> _Assigned task_
Would you please give the entries again word for word, with no images in your copy?

> _Supplied records_

BEGIN

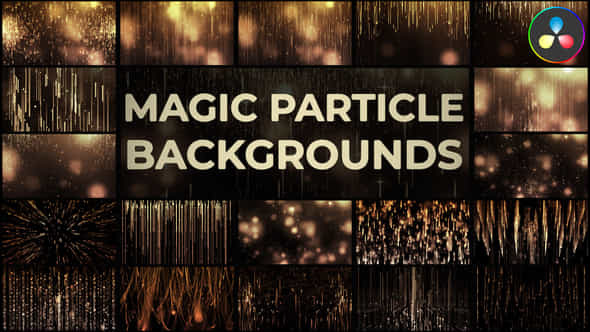Magic Particle Backgrounds For Davinci Resolve - VideoHive 48998684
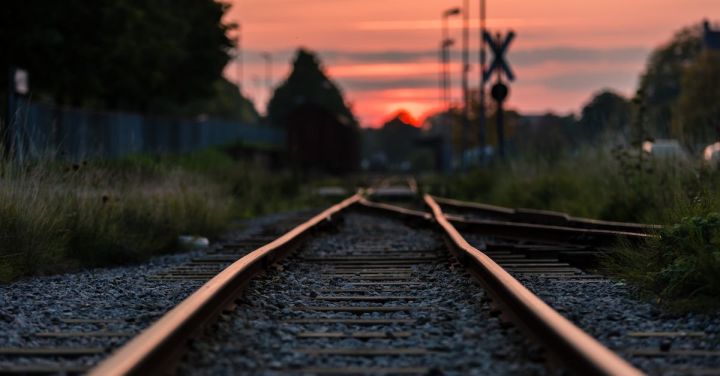 Railroad - Shallow Focus Photography of Railway during Sunset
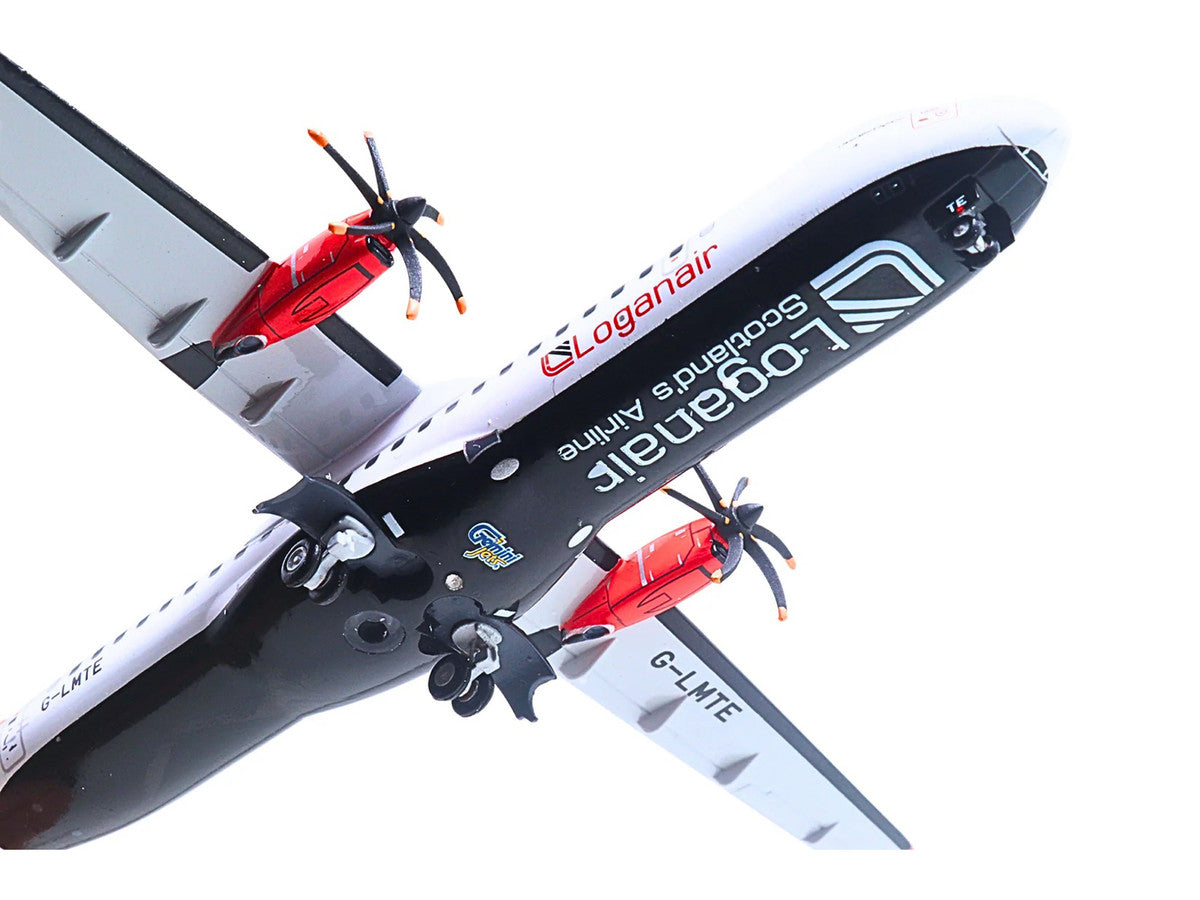 ATR 72-600 Commercial Aircraft "Loganair - Scotland's Airline" (G-LMTE) White with Red Plaid Tail "Gemini 200" Series 1/200 Diecast Model Airplane by GeminiJets LuxuryLifeWay Online Store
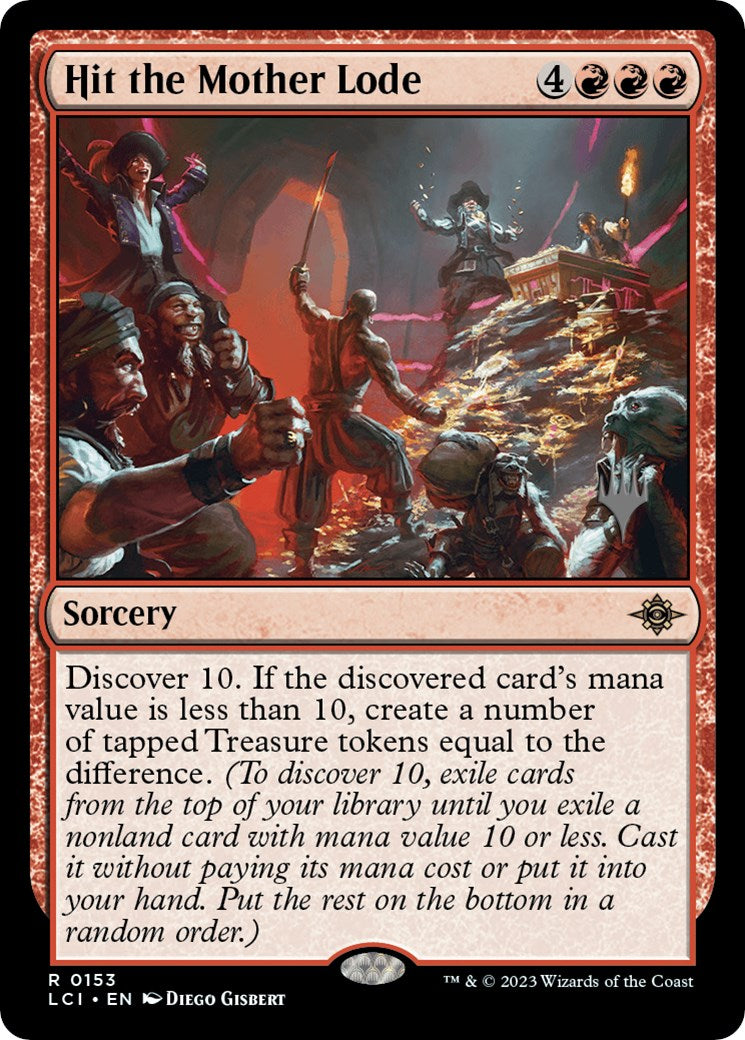 Hit the Mother Lode (Promo Pack) [The Lost Caverns of Ixalan Promos] | Good Games Morley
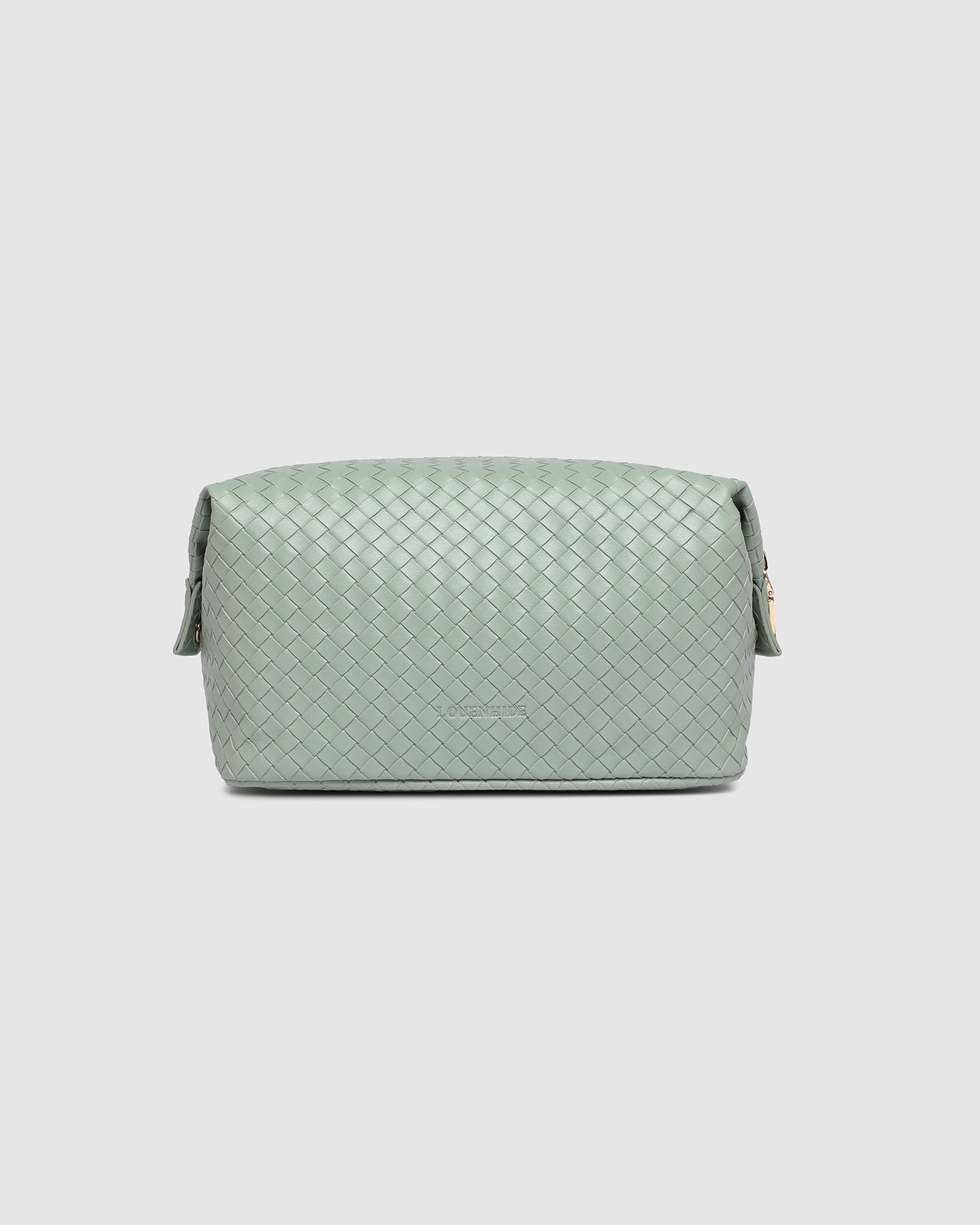 Lucinda Woven Cosmetic Case - Sage Green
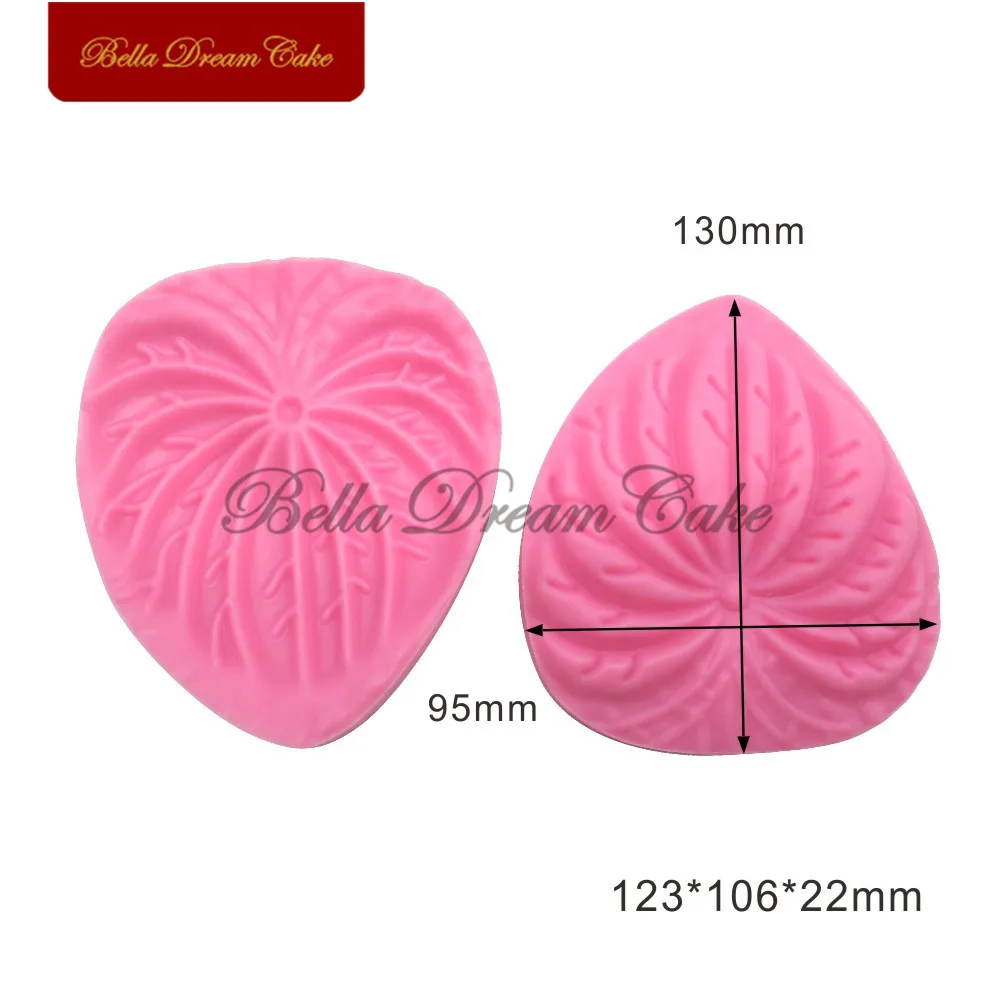 Фото Большая силиконовая форма Anthurium Andraeanum Flower Veiner форма для мастики помадка сахарная елка инструмент для украшения торта жаростойкая посуда №2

END

> _Result for this exercise_
Magic Particle Backgrounds For Davinci Resolve - VideoHive 48998684
 Railroad - Shallow Focus Photography of Railway during Sunset
 ATR 72-600 Commercial Aircraft "Loganair - Scotland's Airline" (G-LMTE) White with Red Plaid Tail "Gemini 200" Series 1/200 Diecast Model Airplane by GeminiJets LuxuryLifeWay Online Store
 Hit the Mother Lode (Promo Pack) [The Lost Caverns of Ixalan Promos] | Good Games Morley
 Lucinda Woven Cosmetic Case - Sage Green
 Фото Большая силиконовая форма Anthurium Andraeanum Flower Veiner форма для мастики помадка сахарная елка инструмент для украшения торта жаростойкая посуда №2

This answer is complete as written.